At Their Demise, Bear Stearns Was Categorically “Long” Gold
That Bear would be “long gold” would only be consistent with the utterances of their former senior economist, Conrad DeQuadros – who on Jan. 12, 2008 stated,
“Approaching $900 an ounce does cause us to be significantly concerned about the inflation outlook, particularly because there doesn't seem to be a lot of concern from [Federal Reserve Chairman Ben] Bernanke”
and,
“…recent statements from Bernanke suggest the Fed has put inflation on the backburner as it frets about the possibility the United States is slipping into recession.”
Bear Stearns was clearly bullish on gold.
Contrast this to the [cough] official line [or double talk, perhaps?] at J.P. Morgan back in Dec. 14th, 2007,
JP Morgan analysts Steve Shepherd expects gold to trade around $820 an ounce in 2008 if its “intrinsic value remains unchanged” but considers it not “best of class” as a hedge except in the debasement of paper money.
Pretty gutsy call, eh, considering gold was already trading at 815 bucks per ounce two days before this article was published:
But it is not until one analyzes the gold derivatives [futures] positions of J.P. Morgan – comparing Q4/07 versus Q1/08 versus Q2/08 – that the true picture of the extent to which Bear Stearns was involved in the gold trade truly emerges.

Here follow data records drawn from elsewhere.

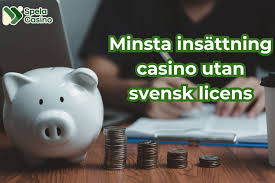 Utländska Casino med Låg Insättning En Guide för Spelare 771619800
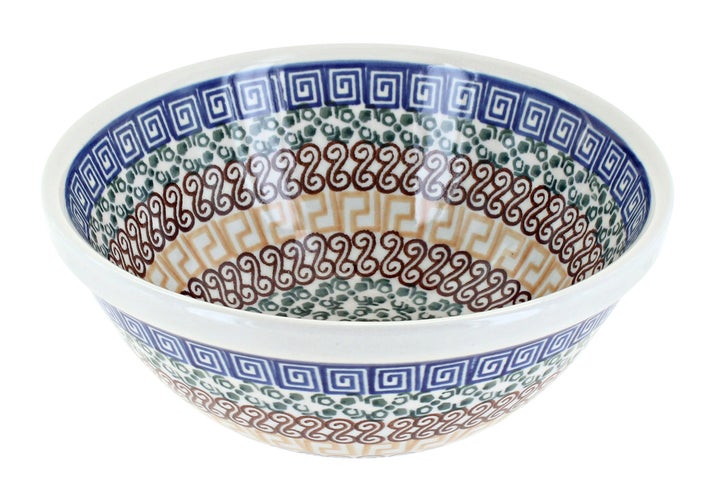 Ceramika Artystyczna Athena Dining Plates & Bowls — Polish Pottery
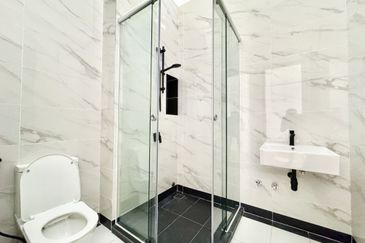 Semi Detached For Sale In Sungai Long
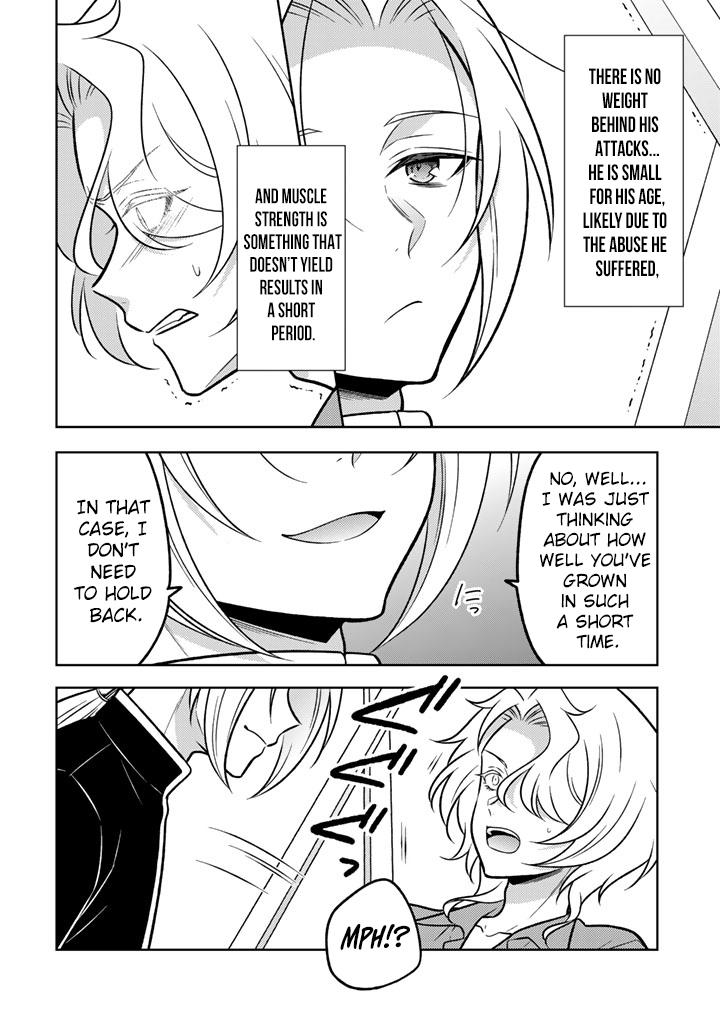 Moto Ansatsusha, Tensei Shite Kizoku no Reijou ni Narimashita Chapter 33 19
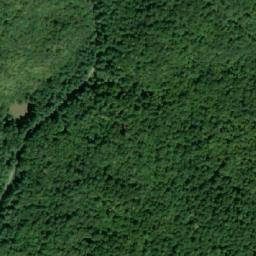 Satellite imagery of Šibovita Kosa, HR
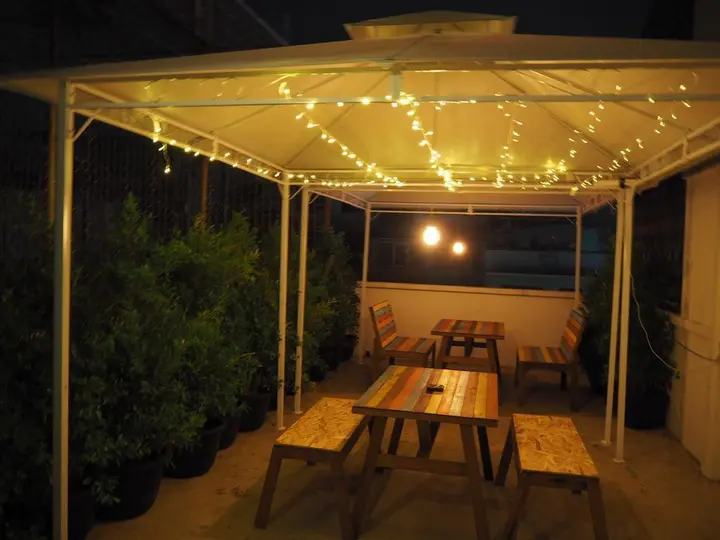 Бангкок: Counting Stars Hostel
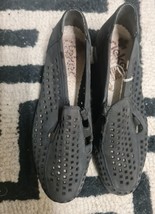 Rieker Black Holes Shoes For Women Size 5(uk) - £27.33 GBP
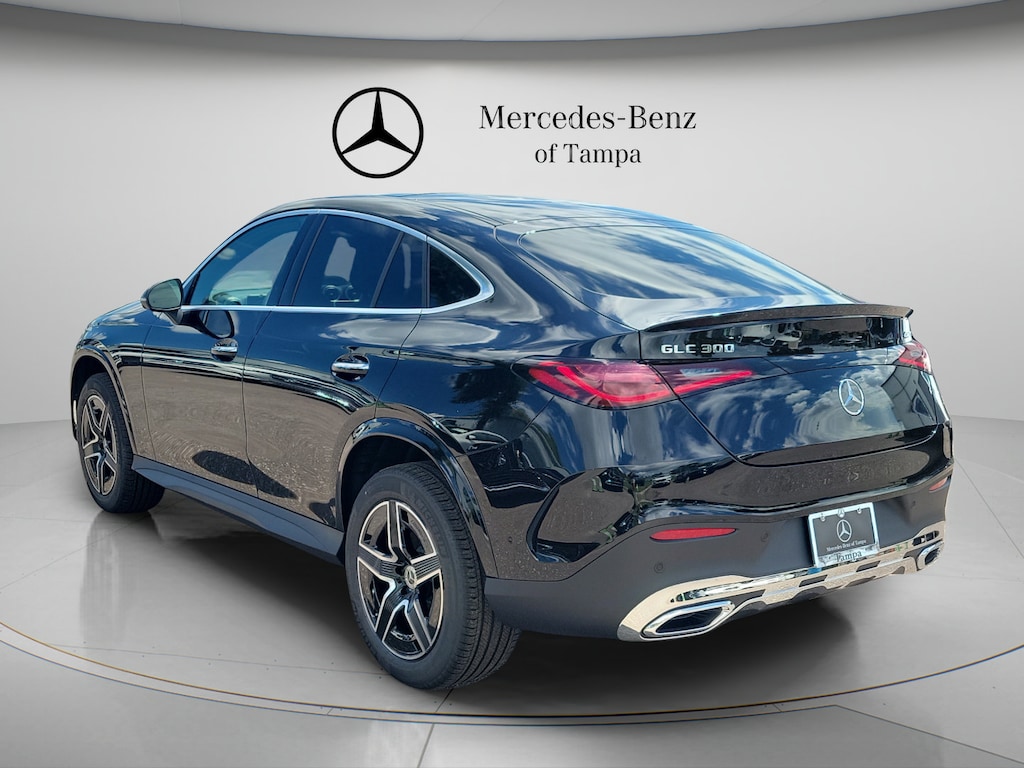 Used 2027 Mercedes-Benz GLC 300 4MATIC SUV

Here's the relevant timeline that encompasses Q4/07 [baseline reference], Q1/08 and Q2/08 [capturing the closing/co-mingling/netting of Bear – Morgan assets in April 08].
“In accordance with the NYSE rule providing that exception, the Audit Committee of Bear Stearns' Board of Directors has expressly approved, and the full Board of Directors has unanimously concurred with, Bear Stearns' intended use of the exception. The closing of the sale of the 95 million shares is expected to be completed upon the conclusion of a shareholder notice period required by the NYSE, which is expected to occur on or about April 8, 2008.”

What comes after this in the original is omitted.